The good news is that this doesn’t last (let’s not forget that everything is JUST A PHASE) but to get through it you have to live just one day at a time. You also learn to look forward to the little things, the small wins that make sleeping in two-hour chunks bearable.
So here are my top five small rewards:
Nutella with a spoon: I have history with Nutella; we go way, way back. At one dark point our relationship descended into addiction. I would eat a whole jar every week with just a spoon (OK fine, sometimes just my fingers). My flatmates would find me huddled in the kitchen pretending to do the washing up whilst shoving dessertspoon upon dessertspoon into my gob. I would constantly find telltale chocolate residue lingering round the corners of my mouth and smeared in my hair. I had to go cold turkey circa 2012. Let me tell you, the Nutella DT’s are not pretty. Despite warnings from my friends Nutella is now back with a vengeance. It is my breakfast food of choice, my reward for getting through the night before.

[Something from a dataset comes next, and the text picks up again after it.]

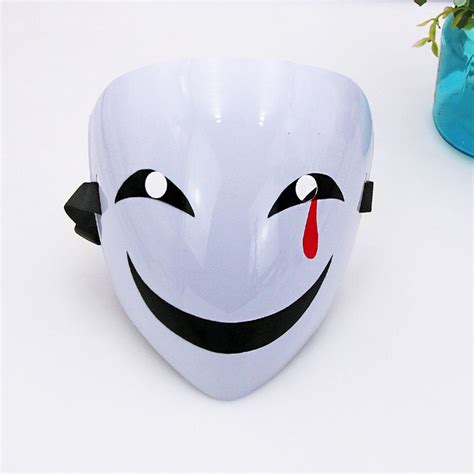 YOUXIXIAN Creative Funny Halloween Adult Prop White Smile Darker Than ...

Clean (ish) hair: Labour left me feeling like I had been run over and then backed over by an aggressive freight train. Added to that my hair was so filthy it looked like a large, flea-riddled rodent with a fringe had died on my head. So that first shower at home was a beauteous moment. It is also a daily joy, five whole minutes to myself (and by myself I obviously mean that Bella is sat outside the shower cubicle, my own tiny voyeur.)

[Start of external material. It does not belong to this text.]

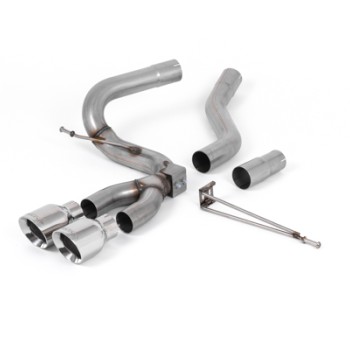 Ford Focus MK3 ST Diesel - Cat-Back Exhaust System with Polished GT-100 Trims - Polished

Walking, walking, walking: I was never a fan of walking, being a destination-not-journey kind of gal. But from our second day home we started going on long walks with Bella in the pram. Even though it was mid-November and the weather highlight was ‘mizzle’ it got my battered, saggy body moving again, albeit at a glacial pace. Five months on, as the weather highlight is still mizzle and a trot round Tooting Common comes with risk of trench foot, I am still walking every day. I must confess it has somewhat lost its charm as the British winter persists into May and I feel like I intimately know every paving crack in SW17. I wish I had invested in galoshes. Here is a soundtrack for an hour long walk:
Having your food cut into tiny bite-sized pieces: Bella had an unerring ability to want feeding the moment my breakfast/lunch/dinner/any snack was ready. Not able to use both a knife and fork and breastfeed, I relied on Phil to cut and dice my food into small chunks so that it could be eaten with one hand. The alternative was writhing away at my meals like some kind of rabid woodland creature.

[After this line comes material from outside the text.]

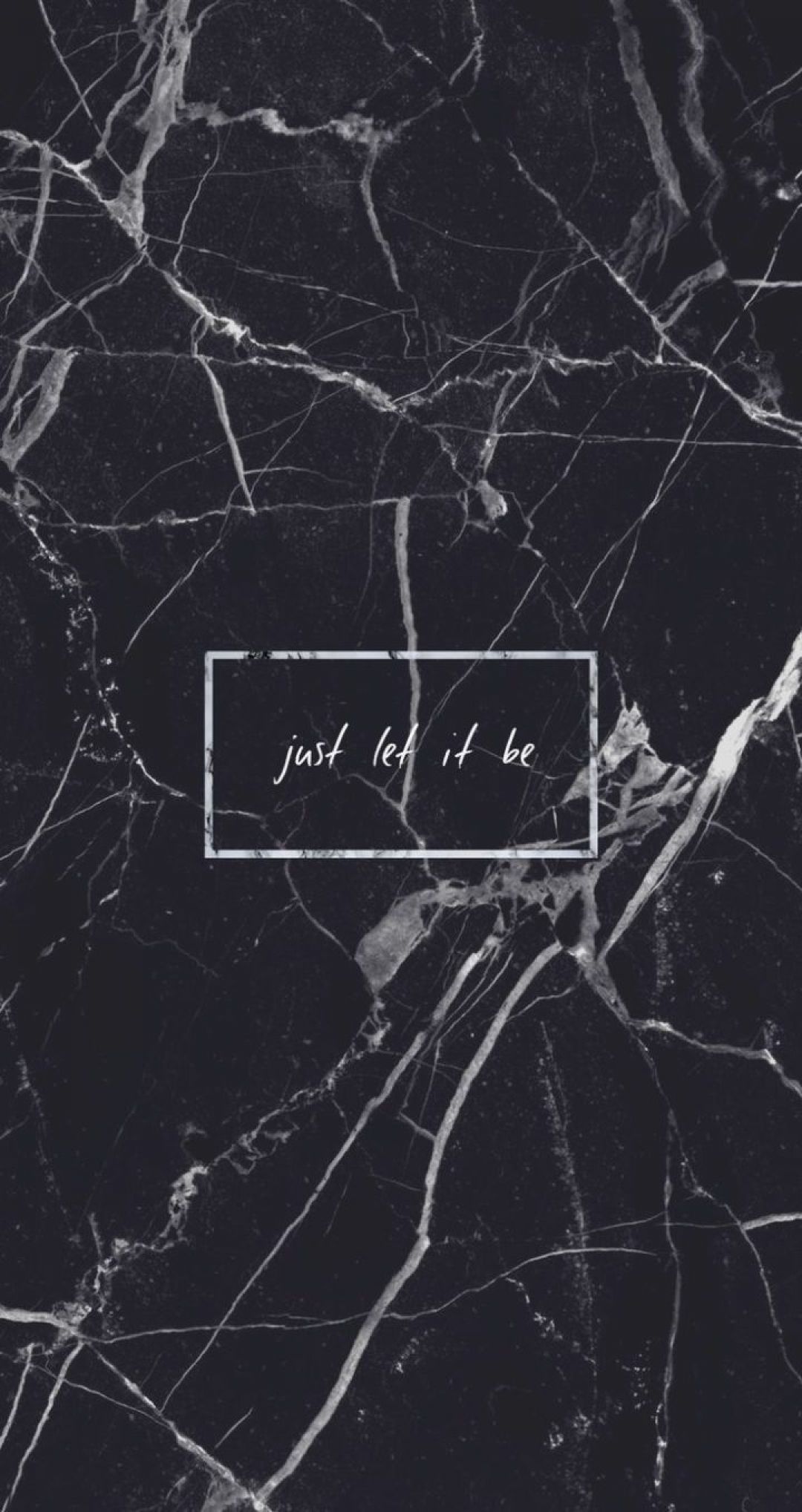 Android Wallpaper marble Just let it be Quote Grunge (2022)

ALL of the box sets: in the first three months babies sleep a lot. After you are done with the just STARING at them phase, box sets are essential to maintain your sanity. Incapable of any real thought, I enjoyed proper mind-mush series on Netflix, from Pretty Little Liars (definitely aimed at teenaged girls), to Gossip Girl (aimed at teenaged girls in 2007) and all the series of Friends from start to finish. I also spent a disproportionate amount of time selecting my favourite Friends episode. All I will say is “pivot….pivot…pivot.”